L’astreinte est indépendante des dommages et intérêts selon l’article L. 131-2 du code des procédures civiles d’exécution.
En l’espèce, il convient de préciser que la procédure est orale devant le juge de l’exécution selon l’article R121-8 du code des procédures civiles d’exécution, que l’article 753 du code de procédure civile ne s’y applique pas conformément à l’article R121-5 et qu’ainsi, la motivation en fait et en droit de la demande de dommages et intérêts dans les conclusions saisit la juge. Au demeurant, la sanction d’un défaut de motivation en fait et en droit doit emporter la sanction de l’annulation de l’assignation – seulement si elle a causé un grief – et non le rejet de la prétention, demande qui n’est pas formée en l’espèce.
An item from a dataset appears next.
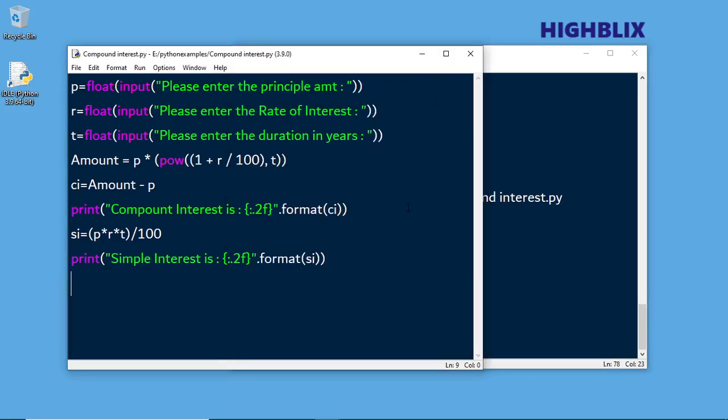So that is how we can calculate simple interest and compound interest. Please practice this and let me know what you think in the comment box. Please subscribe to our channel.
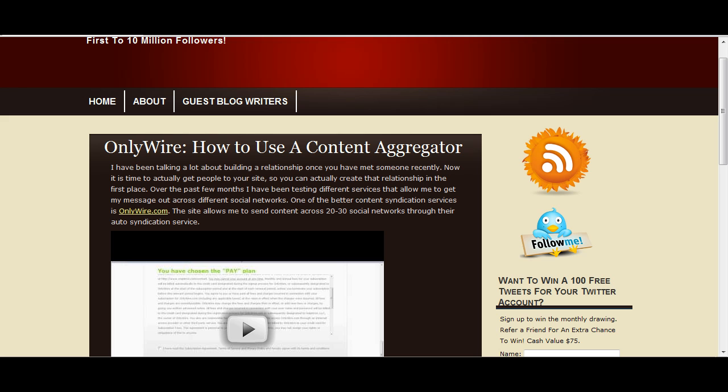What we're going to talk about today is SocialMarker. I know we talked yesterday about OnlyWire.com and that's another content aggregator.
Contrairement à ce qu’affirme la société HOLDING D’AMENAGEMENT [J], M. [T] [Q] justifie de son préjudice en produisant l’attestation France Travail dont il ressort que s’il est inscrit en tant que demandeur d’emploi, il ne perçoit pas d’allocations, France Travail restant dans l’attente de l’attestation de fin de contrat de travail, et en produisant son relevé locatif faisant apparaître un solde négatif très important et entraînant un risque d’expulsion, des factures EDF impayées, des saisies administratives à tiers détenteur.
Il n’appartient pas à la juge de l’exécution de déterminer si M. [T] [Q] aurait eu droit à ses allocations chômage mais seulement à France Travail qui n’a pas pu en juger en l’absence de l’attestation nécessaire.
En revanche, M. [T] [Q] ne justifie pas du préjudice professionnel qu’il invoque puisqu’il ne prouve pas ses recherches d’emploi qui auraient été entravées par l’absence de certificat de travail pour faire valoir son expérience.
Ainsi, en l’absence de remise des documents de fin de contrat de travail, M. [T] [Q] n’a pas pu faire valoir ses droits au chômage, il a donc perdu une chance de percevoir des ressources dans l’attente de trouver un autre emploi ou d’autres ressources et n’a donc pas pu faire face à ses dépenses quotidiennes.
Dès lors, la société HOLDING D’AMENAGEMENT [J] sera condamnée à indemniser la perte de chance de M. [T] [Q] qu’il convient de fixer à la somme de 7 500 € pour prendre en compte le salaire qu’il percevait et l’indemnité à laquelle il aurait eu droit.
Sur les demandes accessoires
En application de l’article 696 du code de procédure civile, la société HOLDING D’AMENAGEMENT [J] qui succombe, sera condamnée aux dépens.
Il serait inéquitable de laisser à la charge de M. [T] [Q] les frais exposés dans le cadre de la présente instance. Il convient de condamner la société HOLDING D’AMENAGEMENT [J] à payer à M. [T] [Q] la somme de 2 500 euros au titre de l’article 700 du code de procédure civile et de rejeter sa propre demande formée au même titre.
La présente décision est exécutoire de droit à titre provisoire en vertu de l’article R. 121-21 du code des procédures civiles d’exécution.
PAR CES MOTIFS
La juge de l’exécution, statuant publiquement par mise à disposition au greffe, par jugement contradictoire rendu en premier ressort :
ASSORTIT l’obligation de remise des documents de fin de contrat de travail d’une astreinte provisoire de 100 € par jour de retard et par document, pendant une durée de 3 mois, passé le délai de 15 jours suivant la notification de la présente décision,
CONDAMNE la société HOLDING D’AMENAGEMENT AL [L] à payer à M. [T] [Q] la somme de 7 500 euros à titre de dommages et intérêts pour résistance abusive,
CONDAMNE la société HOLDING D’AMENAGEMENT [J] à payer à M. [T] [Q] la somme de 2 500,00 euros au titre de l’article 700 du code de procédure civile,²
REJETTE la demande de la société HOLDING D’AMENAGEMENT [J] formée au titre de l’article 700 du code de procédure civile,
CONDAMNE la société HOLDING D’AMENAGEMENT [J] aux dépens,
RAPPELLE que la présente décision est exécutoire de droit à titre provisoire.